In a move that suggests the Federal Reserve is getting closer to raising interest rates in mid-2015, some officials are thinking about changing the language of the Federal Open Market Committee's declaration that rates will stay low "for a considerable time." New York Fed president William Dudley has already made the shift in his latest speeches, according to the paper, saying instead that "the Fed should be 'patient' before raising rates."

Financial Times

Have the Financial Stability Board's proposed rules for systemically important financial institutions put a nail in the coffin of too big to fail once and for all? The FT's Martin Arnold offers up some reasonable doubt, running through a list of potential pitfalls of the "total loss-absorbing capacity" requirement.
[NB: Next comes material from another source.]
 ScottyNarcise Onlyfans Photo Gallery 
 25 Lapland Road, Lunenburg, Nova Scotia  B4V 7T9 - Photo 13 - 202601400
One of the big ones: many investors holding loss-absorbing notes that would be used to bail in big banks would be pension funds and insurers. "Imagine the headlines: My pension was wiped out to rescue greedy bankers," Arnold writes.

New York Times

Waivers for banks that violate securities laws shouldn't grow on trees, according to a column by Peter J. Henning. He believes the Securities and Exchange Commission may be ready to curtail its practice of allowing banks to go back to business as usual after breaking the rules. This optimism was sparked by the agency's handling of Bank of America's request to be released from a ban on certain activities after its $16.7 billion mortgage securities settlement. "The S.E.C. is likely to take a tougher stance in agreeing to waivers of the bad actor prohibition, which means defense lawyers will have to consider the waiver issue right from the start rather than assuming the agency will rubber-stamp requests," he writes.